Self-professed “satirical sculptor” Wilfrid Wood cut his teeth on the set of TV comedy Spitting Image during the 1980s, where his friend got him a job as an apprentice head-builder. Based out of his studio in Hackney Wick, East London, Wood hand-sculpts all of his comical and often grotesque creations.

Some of his previous works have included a £500 commission for a young American girl who loved his work and paid for the sculpture out of her own pocket money, as well as famous figures ranging from Mark Zuckerberg to Paul McCartney, all of whom he was drawn to for their “personalities, expressions and ideas”. “Pretty people and children are the hardest to do,” he explained during his talk. “You need gnarly old men with lots of character – Boris Johnson made himself.”

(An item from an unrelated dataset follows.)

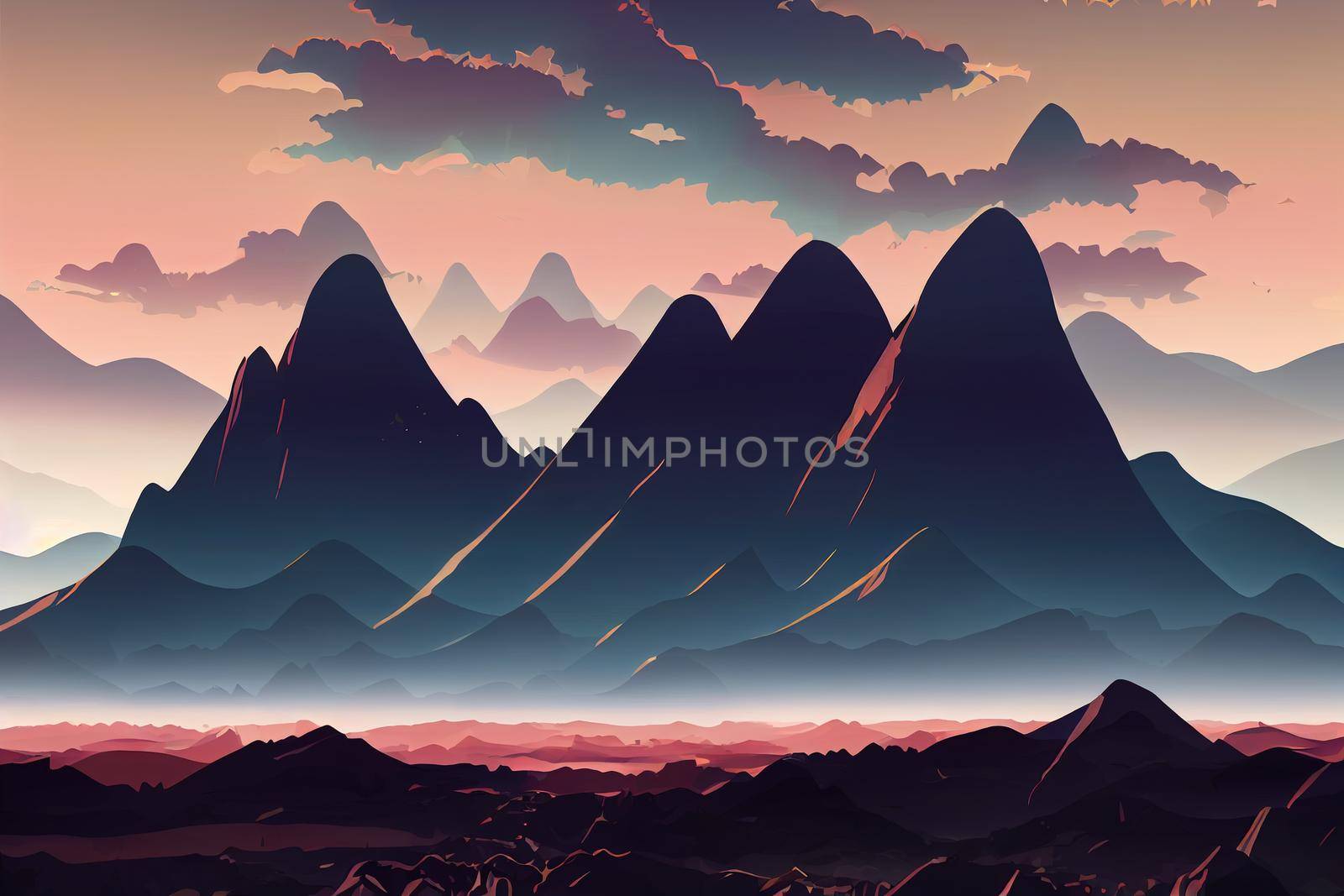 Mountain landscape with a dawn, an elongated format for the convenience of using it as a background,, anime style, cartoon style, toon style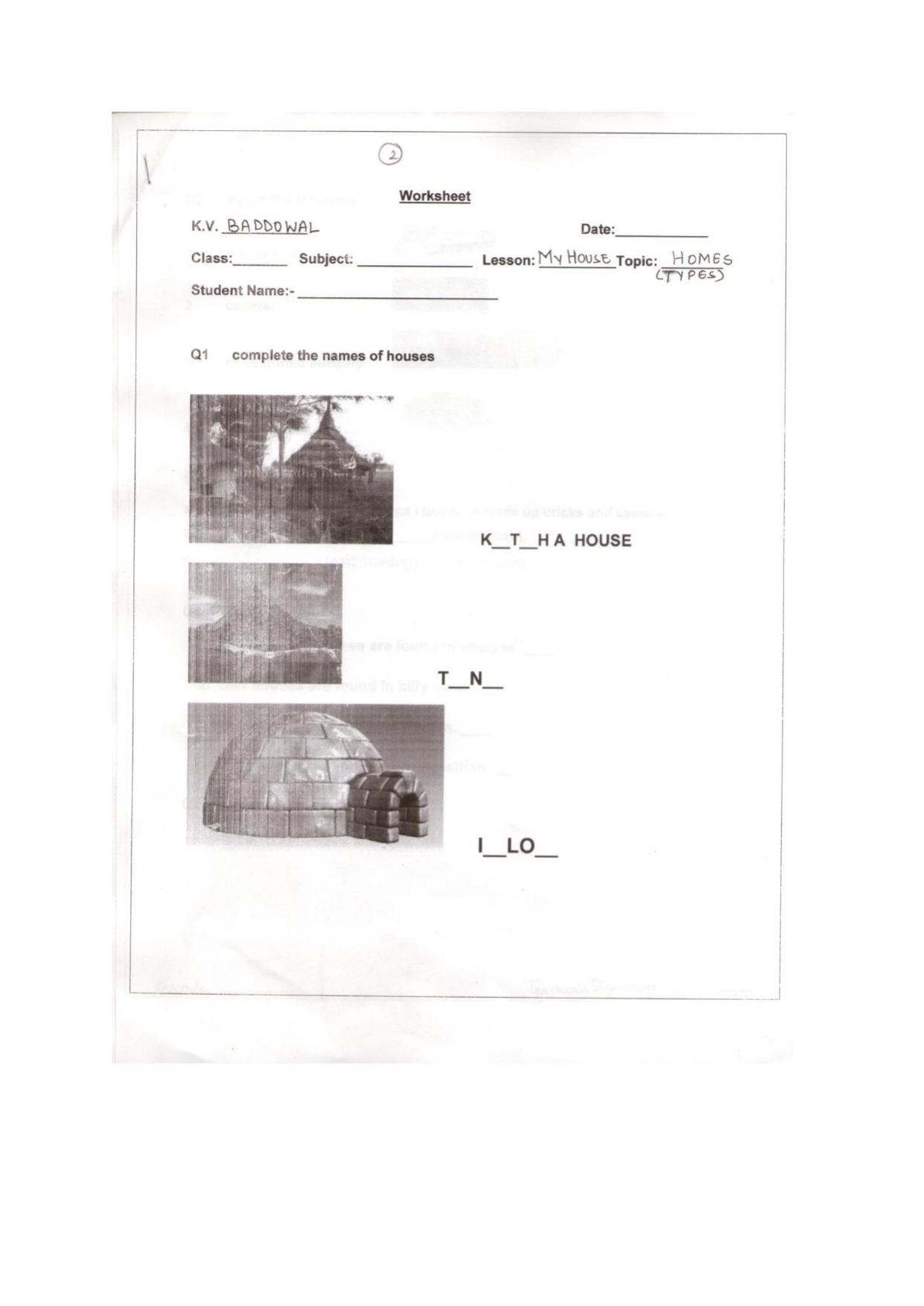 Worksheets for Class 2 EVS Assignment 18 Cleanliness - Page 2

Wood has not always taken such an absurdist approach to his art form. After being rejected from the Royal College of Art (RCA) – where his father and grandfather both worked – he studied graphics at Central Saint Martin (CSM), where he was taught by none other than fellow designer and Something Good speaker Morag Myerscough. “As a designer, I thought I was supposed to be doing serious, hard, time-consuming drawing,” he said. “What I learnt from Morag was that I could actually do something fun.”

Gavin Strange

Aside from being a senior designer at animation studio Aardman, which has brought us loveable characters such as Wallis and Gromit, Gavin Strange also spends a chunk of his time – three hours from 5am every morning after his newborn baby wakes up specifically – working on personal projects. These have ranged from small, self-initiated graphic design pieces to directing music videos for rappers.

While Strange is a keen proponent of passion projects because of the freedom it gives you, during his talk he also warned that personal work “doesn’t always work out” and advised being able to “take the hits and get hench”.

Strange talked about one of his own personal projects – an animated children’s show centred around a group of cats – as an example of this. After collaborating with a large number of creatives he admired for their own work, and spending countless hours developing the characters and storyline, the show ended up falling through. “I became so enamoured with the process that it wasn’t really me anymore – everything got a bit messy and confusing,” Strange said.

Brendan Dawes

Artist and designer Brendan Dawes’ work focuses on what he calls the “interesting space” between analogue and digital. He is the author of two books on interaction design, and has created commissions for the likes of Airbnb, Google and EE.

A large part of Dawes’ work deals with data visualisation, exploring themes such as what happens when we “bump into or trip over” data, and how it alters our view of the world. It was during the course of a data visualisation project for commodities and energy markets site Platts that he learnt about the value of trial and error and “happy accidents” for creatives. Dawes was asked to create an animated visualisation showing the journey of over 3,000 ships from five months of historical shipping data, to go on display during the London Oil Forum in London.

While playing around with the data visualisations, he created one version that didn’t take into account the ships’ routes avoiding land, resulting in jagged, neon-coloured lines being stretched across the map of the world. As it turned out Platt actually loved this interpretation, according to Dawes – so much so that the graphics were used as the main visual for the official invite to the event. Dawes’ advice for budding designers at the festival was to always “show your mistakes”, adding that “sometimes something good can come out of them” – a fitting link to the festival name, as well.